### ACTIVITY
Nothing but the lines below, from the first through the line containing "image: hiking a", should be set down, each one exactly and without pictures.

Brief descriptive captions:
※ ※ ※
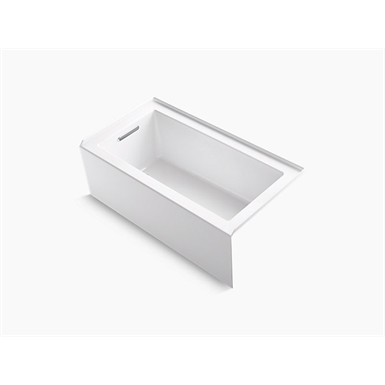 underscore 60" x 32" alcove bath with integral apron, integral flange and left-hand drain
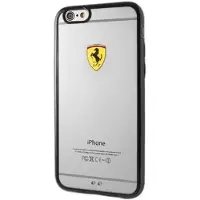 Ferrari Hardcase FEHCP6LBK iPhone 6/6S Plus racing shield transparent sort
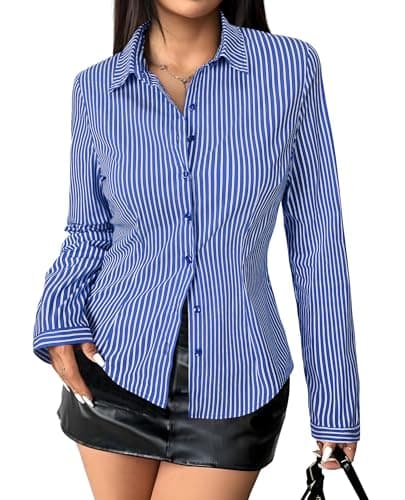 Gleeivy Women's Striped Button Down Shirts Y2k Crop Tops V Neck Collared Slim Fit Blouses Flare Sleeve Streetwear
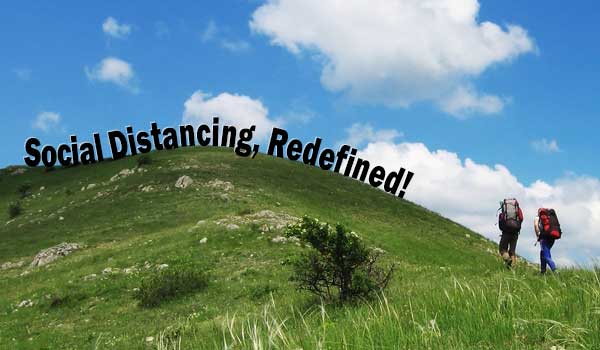 image: hiking a deserted hillside - social distancing redefined!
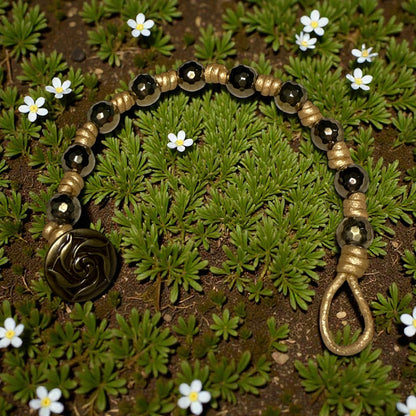 Pyrite Gemstone  and Leather Hand knotted Bracelet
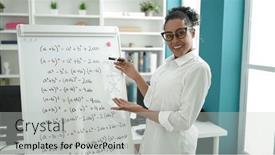  Presentation with maths - Presentation theme consisting of african-american-woman-teacher-explaining background and a light gray colored foreground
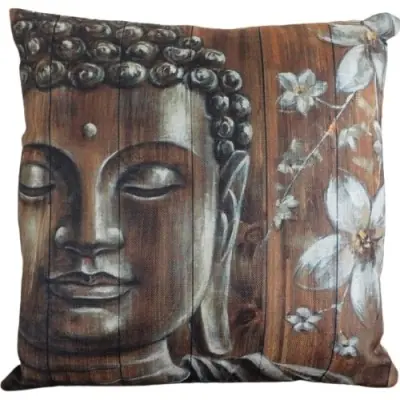 Housse de coussin Tête de Bouddha Fleurs de Lys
※ ※ ※
### SOLUTION TO THE EXERCISE
 underscore 60" x 32" alcove bath with integral apron, integral flange and left-hand drain
 Ferrari Hardcase FEHCP6LBK iPhone 6/6S Plus racing shield transparent sort
 Gleeivy Women's Striped Button Down Shirts Y2k Crop Tops V Neck Collared Slim Fit Blouses Flare Sleeve Streetwear
 image: hiking a deserted hillside - social distancing redefined!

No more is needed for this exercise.